Madeline Grace Neumann died graduation night when I climbed into my 1977 Chevy Malibu determined to live my life on my own terms. I wasn't looking forward to resurrecting her as we drove down the Interstate. By the time we pulled off at Lexington, Rain Maxwell would be shoved in a box and the pretty, polished Maddie Neumann would walk off the bus I've called home for the past five months.
"Come on, Rain," Colton urged, "We all know you're one of the toughest bitches out here; but we want to be there for you."
I'd been having this fight with all of my band mates since I got the phone call. Mom's cancer had been worse than they thought. It turned out three to six months was an optimistic prognosis. Within a month, she was gone. She was gone and I wasn't there for her.
"Absolutely not," I snapped narrowing my eyes. "Trust me when I say it's the last place you guys want to be. Think I'm kidding? Take a good look at me when I walk off this bus."

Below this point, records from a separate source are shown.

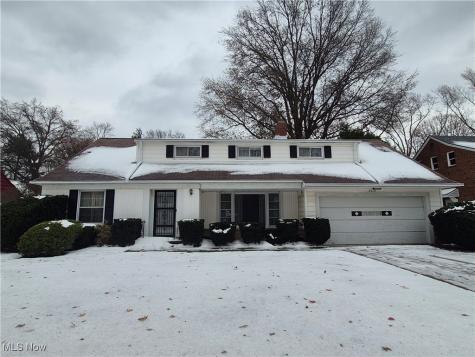 2515 Bolton Road Cleveland Heights OH 44118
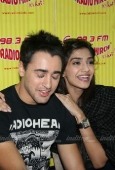 Sonam Kapoor and Imran at Radio Mirchi - inditop.com9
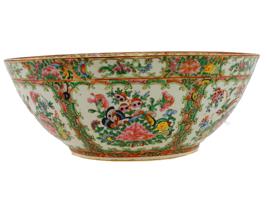 LARGE CHINESE FAMILLE ROSE PORCELAIN BOWL W FLOWERS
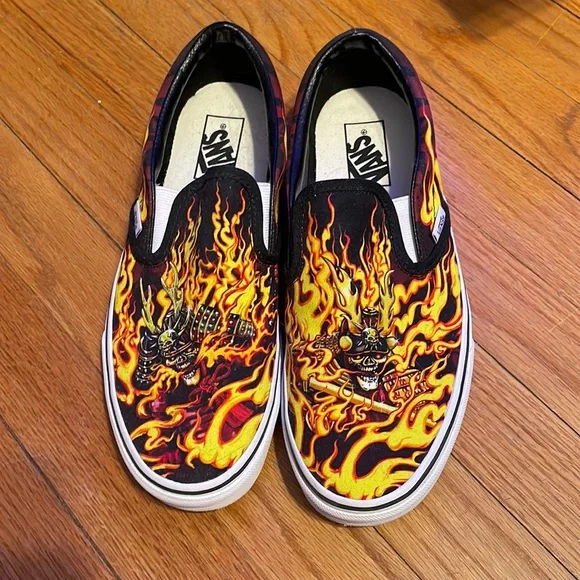 靴 Vans authemntic flame Vans Unisex Logo Flame Authentic Shoes - Black / Fire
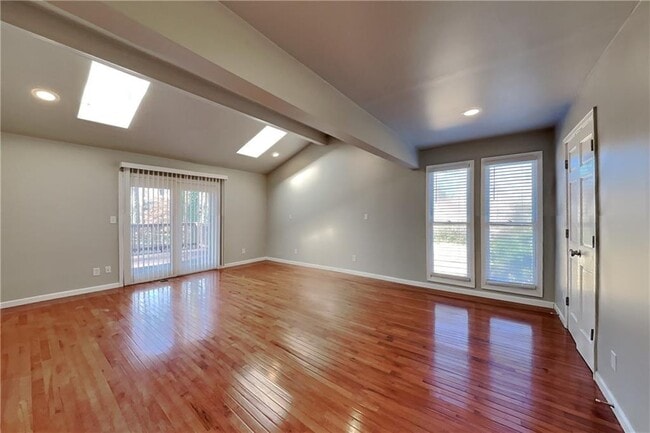 Building Photo - 2453 Lorrie Dr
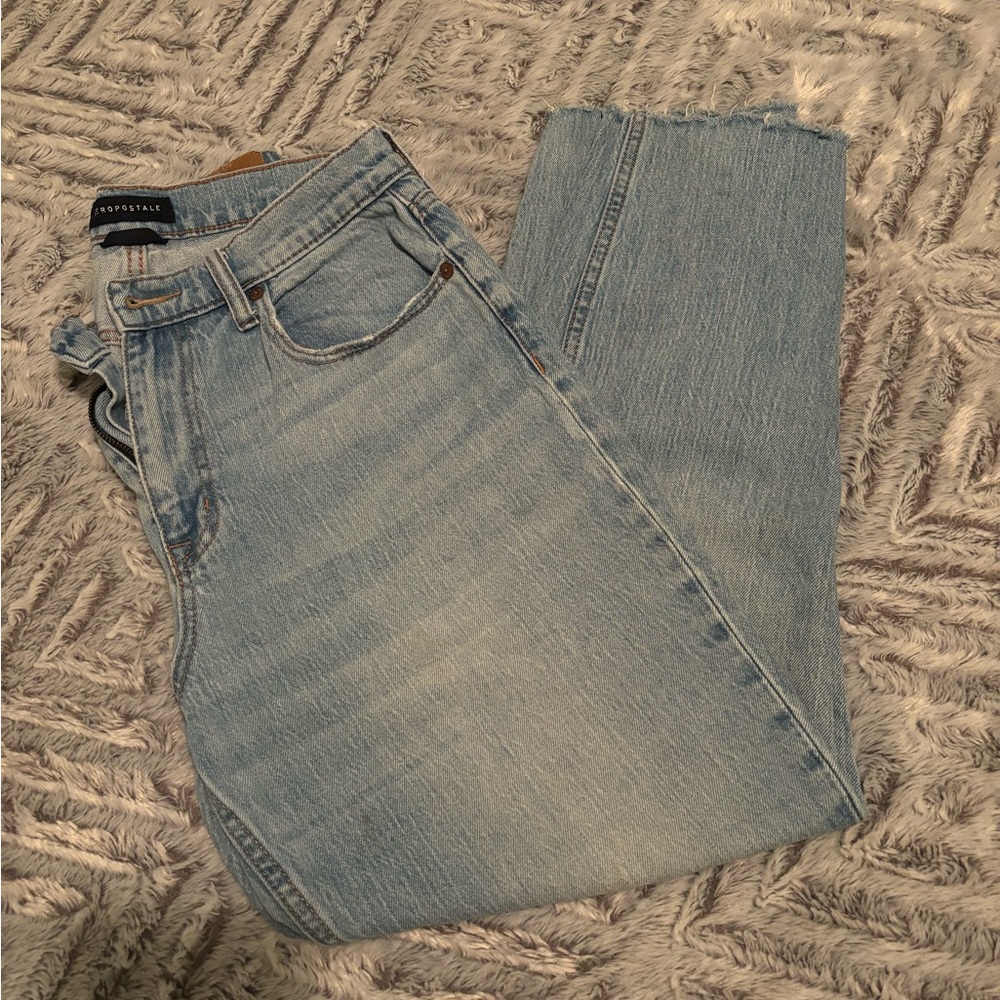 Aeropostale mom jean Women size 10 raw edge leg opening straight leg light wash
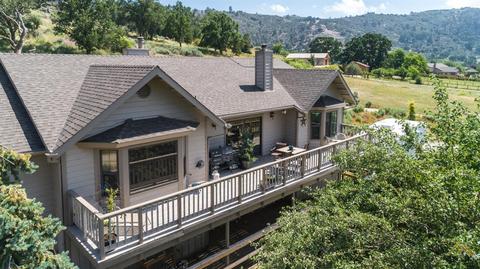 27060 Cumberland Rd, Tehachapi, CA 93561 photo 1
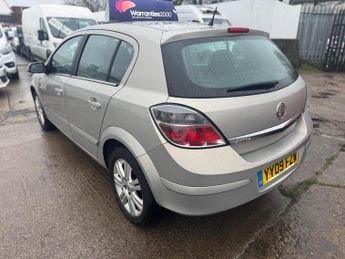 Vauxhall Astra 1.8i 16v Design 5dr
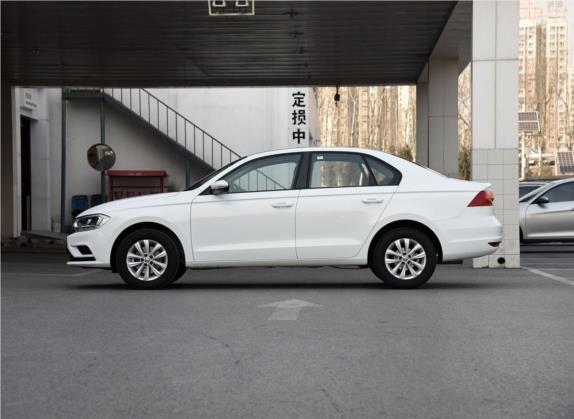 宝来 2017款 1.6L 自动时尚型 外观   正侧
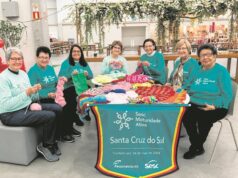 Maturidade ativa | Idosos promovem tricotaço solidário em Santa Cruz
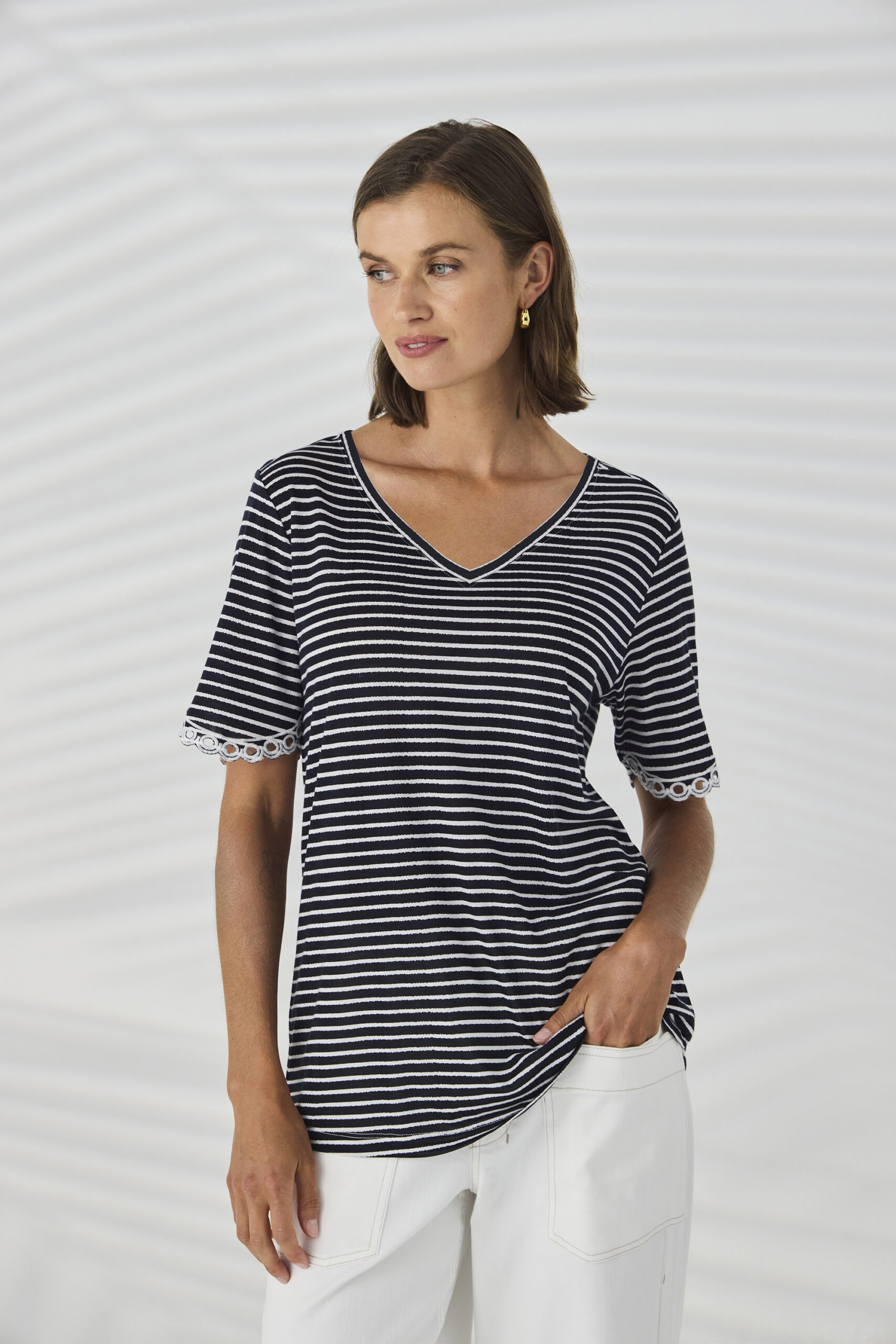 4048_Vista Top _Indigo_Off White_1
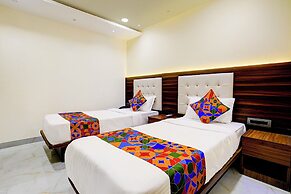 Fabhotel Majestic Crest
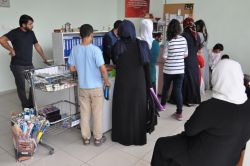 Batman Umut-Der'den yüzlerce öğrenciye kırtasiye yardımı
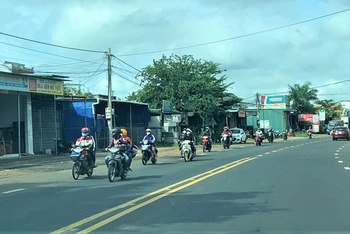 Người dân từ các tỉnh phía nam đi xe máy về Tây Nguyên ngang qua địa bàn tỉnh Đắk Lắk.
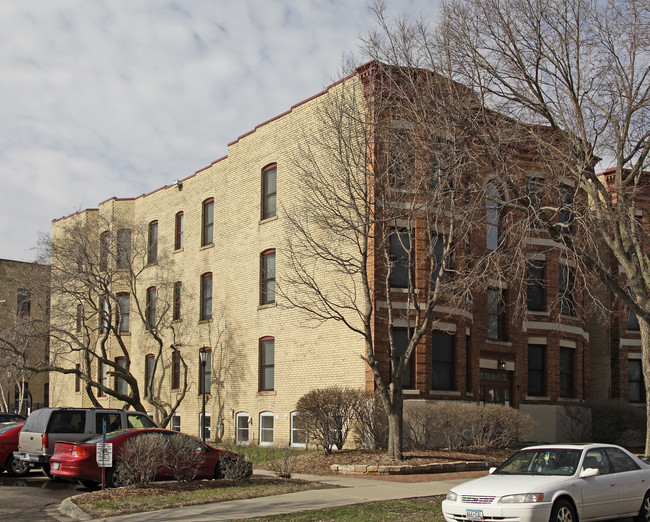 Cathedral Hill Homes in St. Paul, MN - Building Photo - Building Photo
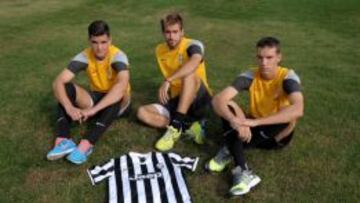 Sergio Buenacasa (1996), Pol García (1995) y Héctor Otín (1996), promesas de la Juve.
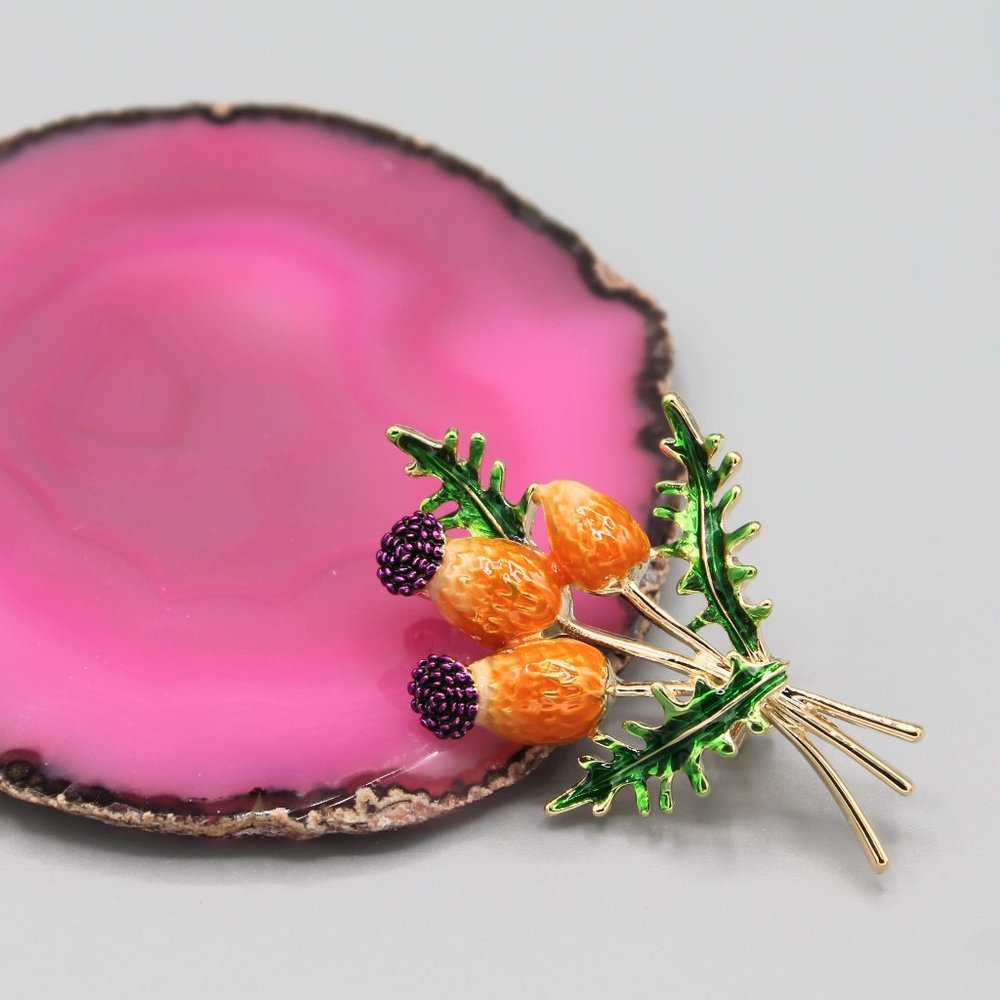Thistle plant nature fun colorful pin brooch - Picture 2 of 6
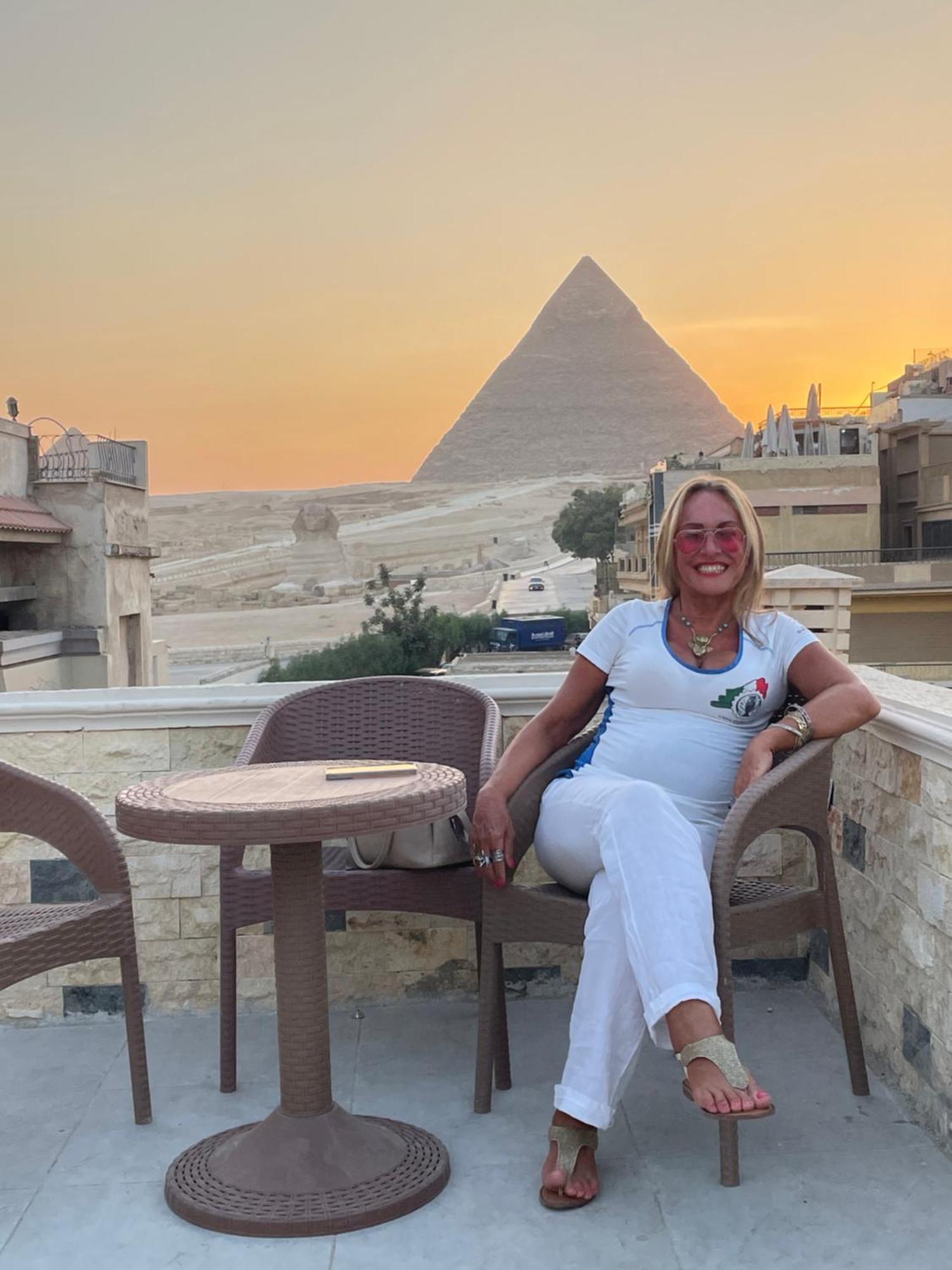 King Ali Pyramids View Inn Kafrat al Jabal Exterior foto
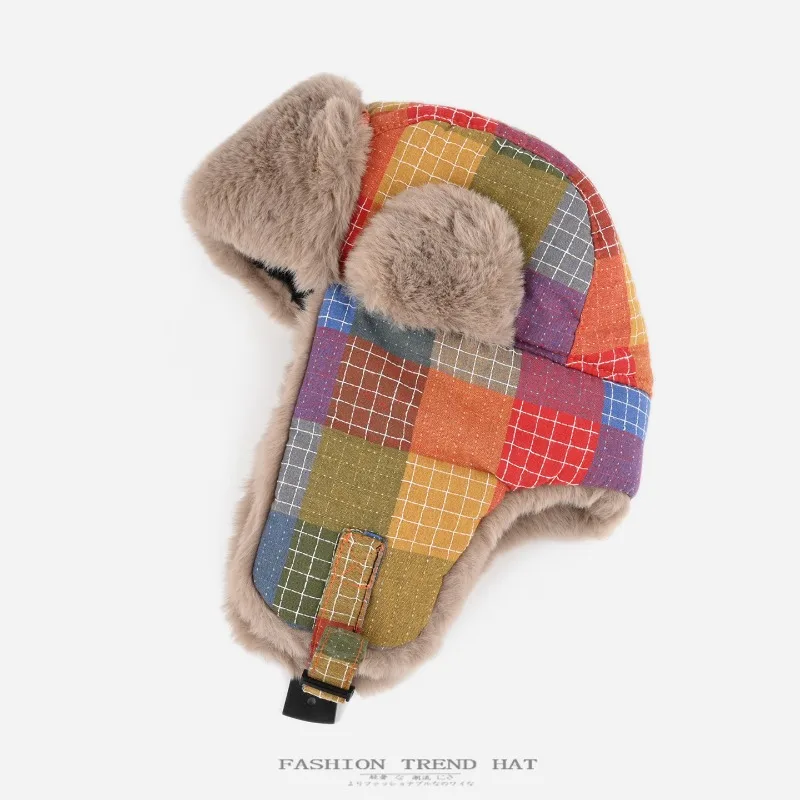 Retro Farbblock-Karomuster Plüsch Lei Feng Mütze für Herren und Damen Winter mit Samt und Verdickung zum Gehörschutz Bomber-Mützen – Detail 4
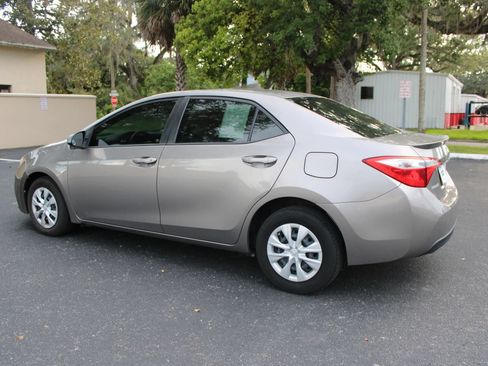 Used 2016 Toyota Corolla LE FWD image 4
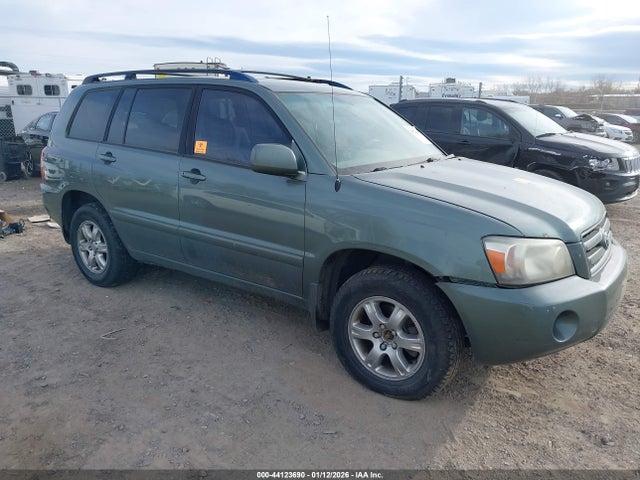 Salvage Toyota Highlander Image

Colton's thick arm wrapped around me, drawing me closer to him. "You shouldn't have to do this alone. You don't have to do this alone," he whispered. "When was the last time you went home?"
It killed me to think about the last time I'd seen my mother alive. I had been home once, about a year after graduation. I hadn't hooked up with the band yet, but I had already transformed myself into Rain Maxwell. When I walked in the front door of my parents' golf course community home, she cried. She actually cried when she looked at me. And they weren't tears of joy.
My naturally sandy blond hair had been dyed deep red, styled with blunt bangs and big curls to the middle of my back. My brown eyes were a brilliant emerald thanks to the magic of colored contacts. While she didn't understand those changes, I think it was the lip ring, my first three tats, and the patent leather knee-high combat boots that caused her breakdown.
I've spent the past five years avoiding home, unwilling to hide who I was and unprepared for a hysterical encore from my mom. Sure, there were times I missed my family but they didn't understand me any more than I understood them. The guys in the band have been my family since shortly after that trip and that's good enough.
"I haven't been home since before Trav asked me to join you guys," I answered. Having said it out loud, I curled my knees to my chest and began to sob. "She…the last time…my family didn't approve of my life after I left home. Please, Colton," I begged, "It's not that I don't want you guys there. You just can't be there."
The gentle sway of the bus cruising down the highway lulled me to sleep in the kitchen area of our home away from home. Colton never left my side. He pulled my head to his shoulder gently rubbing my arm as I slept. It was the first time I had let my guard down since my oldest brother, Matt, called me with the news.
"Hey, man," Travis whispered. I felt him bump into the table as he slid onto the bench across from us. I could hear everything going on around me but exhaustion forbade me from opening my eyes. "Make any progress tonight?"
Colton shook his head, "No, she's still being stubborn."